Мотив получения билета восходит к "Книге отражений" Анненского. В статье "Умирающий Тургенев. Клара Милич" он, вспоминая похороны Тургенева, пишет: "22 года тому назад все это было для меня чем-то вроде сна или декорации… Я, видите ли, тогда проводил время еще на площади и каждую минуту готов был забыть, что нахожусь хотя и в хвосте, но все же перед театральной кассой, откуда в свое время и получу билет. Но теперь, когда поредело передо мной, а зато позади толпа так и кишит, да только вернуться-то туда я уже не могу, - теперь, когда незаметно для самого себя я продвинулся с площади в темноватый вестибюль театра и тусклый день желто смотрит на меня уже сквозь его пыльные стекла, - когда временами, через плечо соседа, я вижу даже самое окошечко кассы… О, теперь я отлично понимаю ту связь, которая раз навсегда сцепила в моей памяти похороны Тургенева с его последней повестью".

Это одиночество в очереди за смертью, пока еще без театральной атрибутики, заявлено Ф. И. Тютчевым:

Бесследно всё - и так легко не быть!
При мне иль без меня - что нужды в том?
Всё будет то ж - и вьюга так же выть,
И тот же мрак, и та же степь кругом.

Дни сочтены, утрат не перечесть,
Живая жизнь давно уж позади,
Передового нет, и я как есть
На роковой стою очереди.

("Брат, столько лет сопутствовавший мне…", 1870)

В этом мрачном сне в духе Достоевского жизнь - даже не театр, а какая-то вечная подготовка к театральному представлению. Из очереди за билетом на это представление нет пути назад, и театр - уже сама смерть. Обреченный зритель - главное действующее лицо этого демонического театра Анненского.
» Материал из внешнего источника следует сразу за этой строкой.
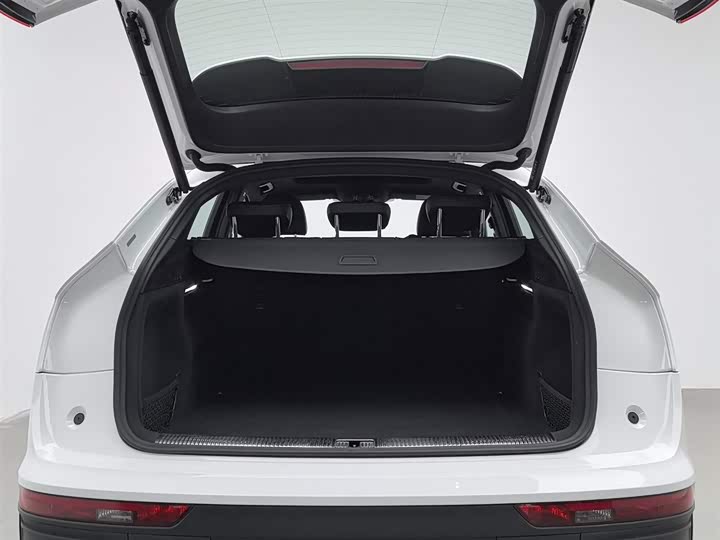 Фото 16 - Audi Q5L Sportback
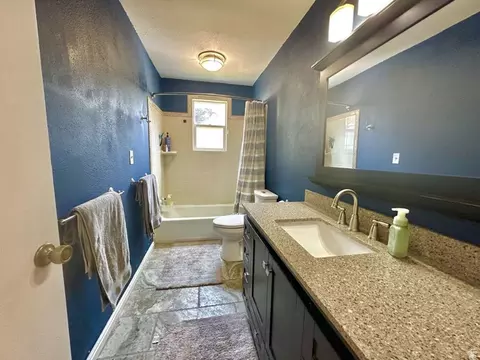Bath - 9573 S Buttonwood Dr, Sandy, UT 84092 photo 2 of 2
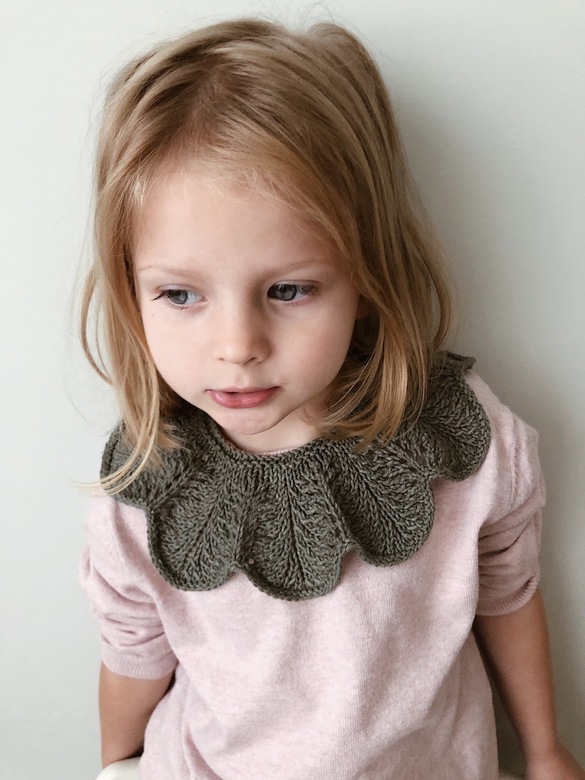 Описание - Воротник Flower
Эта обреченность в роковой театральной очереди встречает резкое опротестование Блока в стихотворении "В высь изверженные дымы…" (1904):

В высь изверженные дымы
Застилали свет зари.
Был театр окутан мглою.
Ждали новой пантомимы,
Над вечернею толпою
Зажигались фонари.

Лица плыли и сменились,
Утонули в темной массе
Прибывающей толпы.
Сквозь туман лучи дробились,
И мерцали в дальней кассе
Золоченые гербы.

<…>

Я покину сон угрюмый,
Буду первый пред толпой:
Взору смерти - взор ответный!
Ты пьяна вечерней думой,
Ты на очереди смертной:
Встану в очередь с тобой!

(II, 155–156)

Понятна и связь, сцепляющая мысль Анненского с известной фразой Ивана Карамазова: "Свой билет на вход спешу возвратить обратно" (гл. "Бунт", кн. V, ч. 2). Богоборческий смысл карамазовского жеста у Анненского предельно редуцирован, но не исчезает полностью, если иметь в виду иные контексты вроде: "Иль над обманом бытия / Творца веленье не звучало?.." ("Листы"). Возврат божественного билета на спасение сменяется у Анненского получением в театральной кассе билета в последний путь. От места у колонн, настаивает жена поэта, Мандельштам отказался. Но не он ли писал в "Египетской марке": "Ведь и я стоял в той страшной терпеливой очереди, которая подползает к желтому окошечку театральной кассы, - сначала на морозе, потом под низкими банными потолками вестибюлей Александринки. Ведь и театр мне страшен, как курная изба, как деревенская банька, где совершалось зверское убийство ради полушубка и валяных сапог. Ведь и держусь я одним Петербургом - концертным, желтым, нахохленным, зимним" (III, 481). И напрямую в черновых записях: "Ведь и я стоял с Ин<нокентием> Фед<оровичем> Анненск<им> в хвосте…", "Все мы стояли…" (III, 572).